▶ [PROBLEM]:
The listing below should be printed in full and exactly, apart from its images.

Start of DATA SECTION

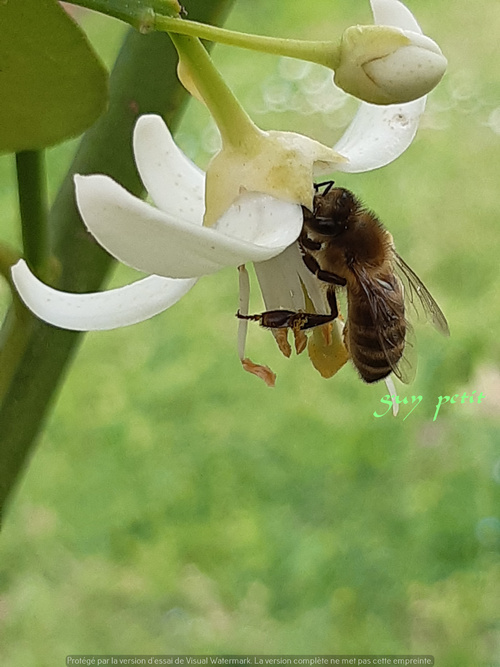 un peu d'absence photo beaucoup de travail au jardin .......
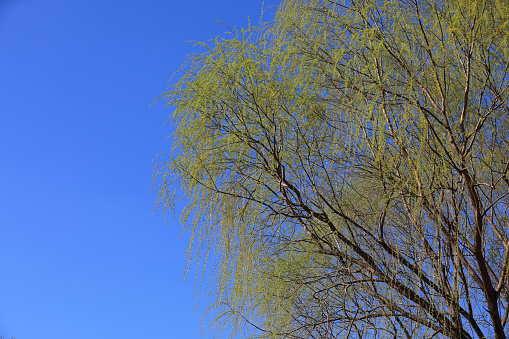 Weeping willow (Salix babylonica)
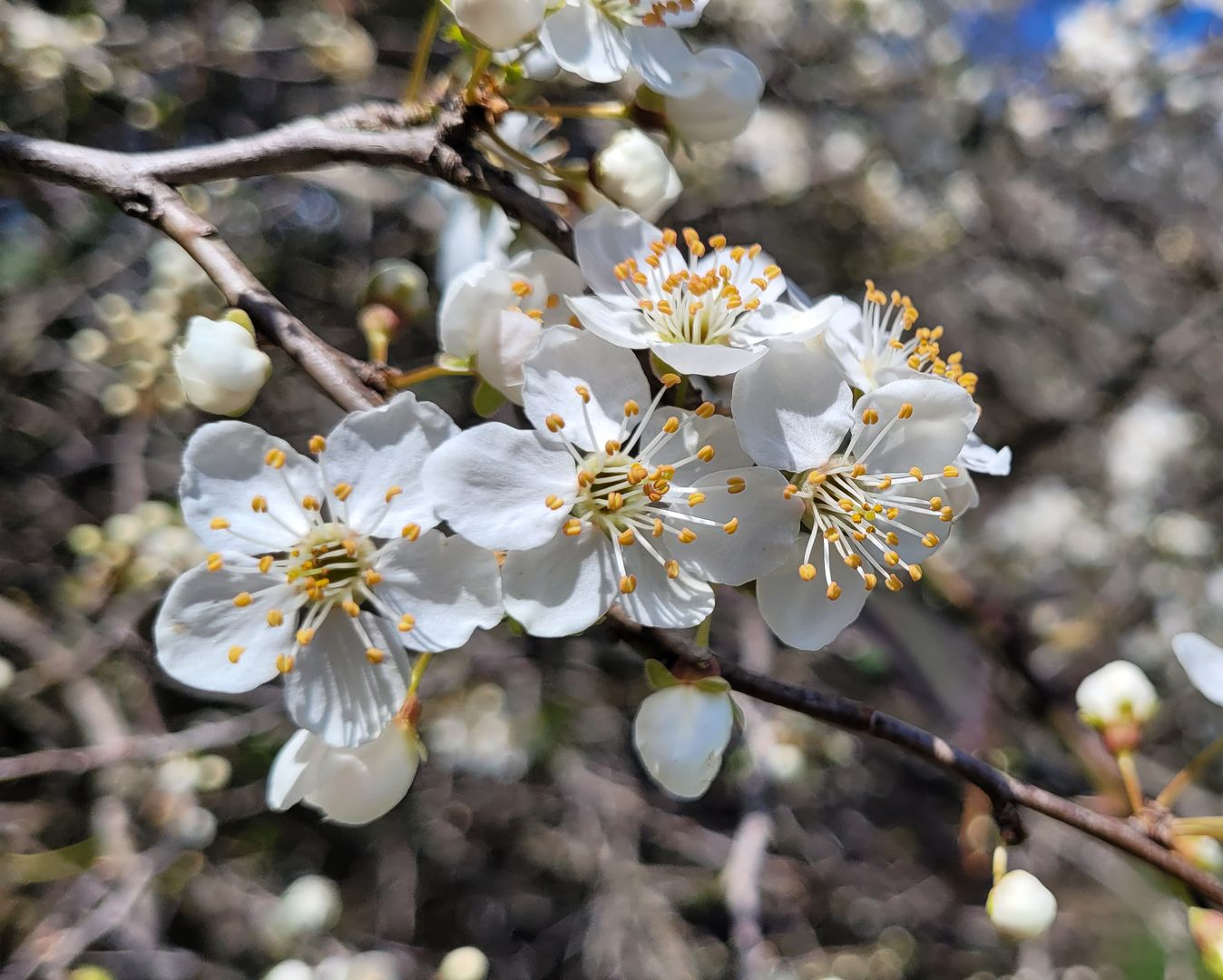 Witte bloesems met gele meeldraden bloeien op donkere boomtakken, met wazige bloemen op de achtergrond.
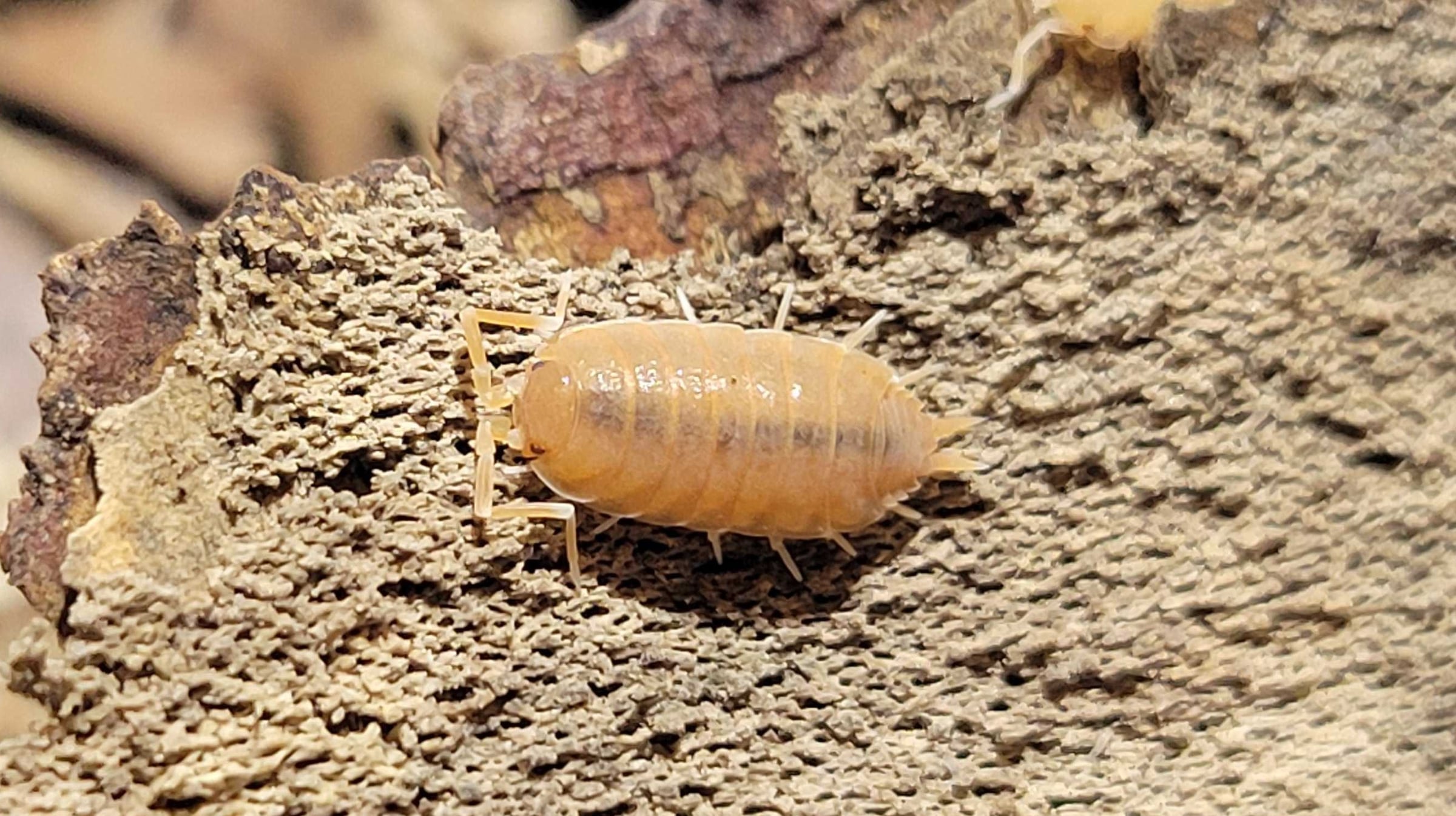 Porcellionides pruinosus - Powder Orange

End of DATA SECTION

▶ [PROBLEM SOLUTION]:
 un peu d'absence photo beaucoup de travail au jardin .......
 Weeping willow (Salix babylonica)
 Witte bloesems met gele meeldraden bloeien op donkere boomtakken, met wazige bloemen op de achtergrond.
 Porcellionides pruinosus - Powder Orange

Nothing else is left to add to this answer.